There is more truth per square inch in that post than just about any Alabama fan will be able to handle.  They have a long history of success but some of the things they say and think about themselves is just ridiculous.  It wasn't very long ago that they weren't even good.  And this run they ar on will come to an end.  But when they get busy telling you how great they are and how much better they are than everyone else, if you offer a word of protest they act like they want to fight with you.  Odd because if they truly belief all the stuff they say about how much better they are than everyone else they wouldn't freak out at even the slightest comment like they do.


----------



## Danuwoa (Jul 25, 2014)

RipperIII said:


> didn't UGA get beaten on a "lucky" play by auburn?
> 
> sure sounded like it around here for quite a while.



How can you possibly watch that play and call it anything other than luck?
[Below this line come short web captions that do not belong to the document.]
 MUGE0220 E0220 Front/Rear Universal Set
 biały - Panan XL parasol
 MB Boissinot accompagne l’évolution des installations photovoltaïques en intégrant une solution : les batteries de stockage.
We weren't very good last year and in the end we wound up with a record indicative of what we were.  But that was still a lucky play.  Both things can be and are true.


----------



## fairhopebama (Jul 25, 2014)

I have a serious problem with the whole stance being taken about not playing well because they weren't playing for the NC. If a player and/or coach does not have the competetive nature to want to go out and win every time they take the field there is a problem. I don't care who you are playing or what you are playing for. I am tired of hearing the excuses about not being focused or disappointed because they weren't playing for the NC. What would the coaches and players think if we as fans did not support them in a lesser game than the NC game. I can assure you something would be said. Fans spend a lot of money traveling and on tickets to these BCS games. We don't want to see a team act like spoiled brats because they can't win it all. If you don't want to give it 110%, stay home and let us see someone that wants the chance. I don't want to hear your excuses. Play to win or stay on the porch.


----------



## Silver Britches (Jul 25, 2014)

fairhope said:


> I have a serious problem with the whole stance being taken about not playing well because they weren't playing for the NC. If a player and/or coach does not have the competetive nature to want to go out and win every time they take the field there is a problem. I don't care who you are playing or what you are playing for. I am tired of hearing the excuses about not being focused or disappointed because they weren't playing for the NC. What would the coaches and players think if we as fans did not support them in a lesser game than the NC game. I can assure you something would be said. Fans spend a lot of money traveling and on tickets to these BCS games. We don't want to see a team act like spoiled brats because they can't win it all. If you don't want to give it 110%, stay home and let us see someone that wants the chance. I don't want to hear your excuses. Play to win or stay on the porch.



Well said, sir!


----------



## SpotandStalk (Jul 25, 2014)

RipperIII said:


> ding, ding, ding...it's about time


I meant spoiled little pansy boys that want to take their ball and go home when things don't go their way.


----------



## RipperIII (Jul 26, 2014)

SpotandStalk said:


> I meant spoiled little pansy boys that want to take their ball and go home when things don't go their way.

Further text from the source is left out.